Ya estábamos
tardando demasiado en volver a nuestro admirado Chabrol, a quien echamos tanto
de menos pese a que tenemos sus filmes, los que usamos para curar cualquier nostalgia y
descubrir siempre algo nuevo. Algo como No
va más.
Rien ne va plus es la única película
autobiográfica reconocida por Chabrol, aunque sea un thriller y se encuentre tan lejos de la realidad —una razón más
para verla: encontrar a Chabrol entre los personajes—. El guión elaborado por
el director divide la cinta en tres actos muy diferenciados que traspasan
varios géneros, desde la comedia al drama pasando por el suspense, para
finalizar con un epílogo abierto que se sitúa en cabeza de las conclusiones
mejores realizadas por el cineasta galo:
Betty y Víctor (Isabelle
Huppert y Michel Serrault, pareja de genios; la musa de Chabrol dando réplica
al legendario actor francés) son dos estafadores de poca monta que a pesar de
llevarse treinta años se compenetran muy bien: roban a congresistas en los hoteles,
pero siempre dejándoles la mitad del botín, por lo que nunca son detenidos. Una
filosofía que Betty se salta en el siguiente atraco cuando conoce a su víctima,
Maurice (Francois Cluzet, otro actor chabroliano).
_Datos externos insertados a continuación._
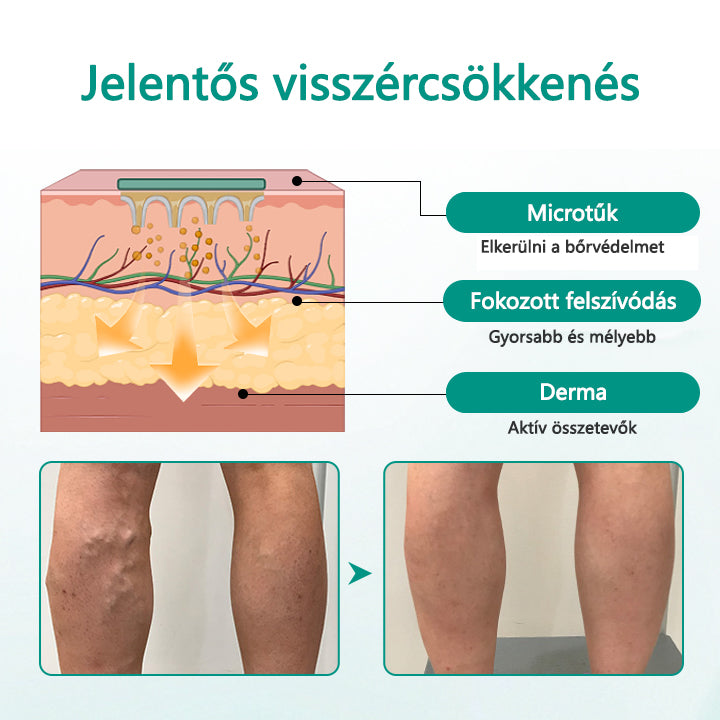 CleraNaure® LegRenew Visszértágulat Párna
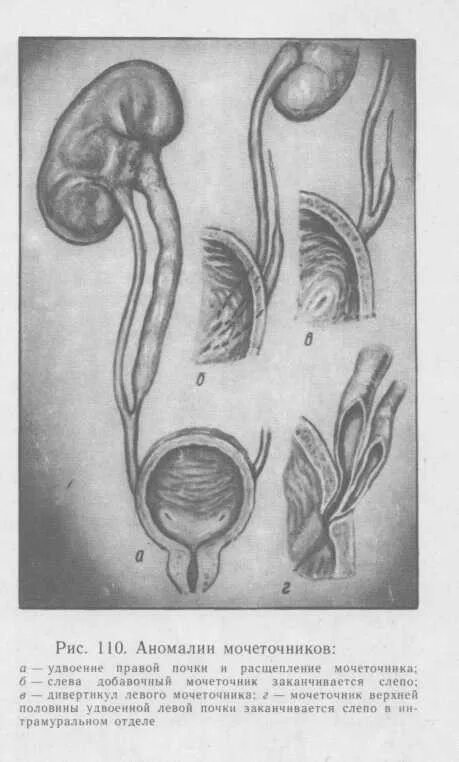 Удвоение мочеточника. Врожденные аномалии мочеточников классификация. Аномалии формы мочеточника. Врожденная аномалия развития мочеточников. Пороки развития мочеточника.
La presa quiere participar en la estafa cuando el objetivo es un maletín
repleto de billetes que podrían desaparecer sin problemas de cara a la ley. Son
al dueño del maletín, monsieur K (Jean-Francois Balmer, el marido de Isabelle Huppert
en la versión que Chabrol hizo de Madame
Bovary), y a sus matones a los que deben temer Betty, Maurice y Víctor.
Chabrol plantea, por tanto, dos temas: el conflicto triangular que se establece entre los ladrones, y el suspense ante una amenaza común. Del primero destacan la relación entre Betty y Víctor, entre la joven y el hombre ya maduro. En ocasiones hay una pulsión sexual; en otras es paternal. Todo depende del estado de ánimo de ambos; o quizás sólo de ella.
Los personajes
se cruzan de la misma forma que el maletín pasa de unas manos a otras. El director
advierte con cada plano que el golpe les viene grande, muy
grande. Como siempre, lo mejor de Chabrol es observar a Chabrol: la mirada subjetiva
en un teatro concurrido; la muerte horrible, pero silenciosa; el grito mudo, la
tortura despiadada, pero desdramatizada. El director ha creado un estilo
partiendo de los clásicos —en especial de Hitchcock— tan inconfundible y
personal que él mismo se ha convertido en un clásico.
Chabrol reserva
siempre lo mejor para el final. Al suspense del desenlace se le añade el del cinéfilo seguidor del fundador de la Nouvelle Vague. Y no defrauda: como en sus más aclamadas cintas, Chabrol aísla el diálogo,
lo ningunea, para concluir con el manejo de la imagen, con el cine, con la
forma superando al contenido. Así, el director gobierna la cámara y traslada el objetivo
para saltarse el eje y desdoblar a los personajes, e insinuar elegantemente que
el final no tiene nada de happy-end.